Amazonino foi entrevistado por 28 minutos diante da ausência do outro candidato. (Foto: Divulgação)
Wilson alegou que a emissora tem como sócio, o empresário Francisco Garcia, pai de Rebecca Garcia (PP), vice de Amazonino Mendes (PDT), e por esse motivo, ele poderia saber previamente os temas que seriam abordados do debate, o que poderia se configurar como privilégio ao candidato.
As regras do debate previam que se um dos candidatos faltasse, o outro seria entrevistado pro 30 minutos, o que ocorreu. No entanto, quando o governador estava sendo entrevistado, o mediador do debate, o jornalista Carlos Ceschi Jr, informou ao vivo que em determinação a uma decisão da Justiça Eleitoral, a entrevista teria que ser interrompida.
A determinação partiu do juiz Bartolomeu de Azevedo Júnior, que acatou uma representação de Wilson Lima, que pedia o cancelamento da entrevista. Em sua fala, o mediador agradeceu a presença de Amazonino e disse lamentar a situação em que Wilson colocou ele e o candidato à reeleição. “Lamento a situação em que nos colocou o outro candidato, inclusive ferindo princípios democráticos, lógicos e imparciais do jornalismo do grupo Bandeirantes de Comunicação”, frisou o apresentador.
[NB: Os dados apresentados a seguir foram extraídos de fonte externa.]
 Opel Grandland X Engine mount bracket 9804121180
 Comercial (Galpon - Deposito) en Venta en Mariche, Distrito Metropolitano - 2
O governador e a TV Band apresentaram defesa nos autos da ação movida pelo candidato do PSC, frisando que as regras eram claras e que a na verdade, Wilson estava “fugindo” do confronto por que não queria falar sobre o pagamento de indenizações a famílias dos mortos na chacina que ocorreu em 2017 no Complexo Penitenciário Anísio Jobim (Compaj).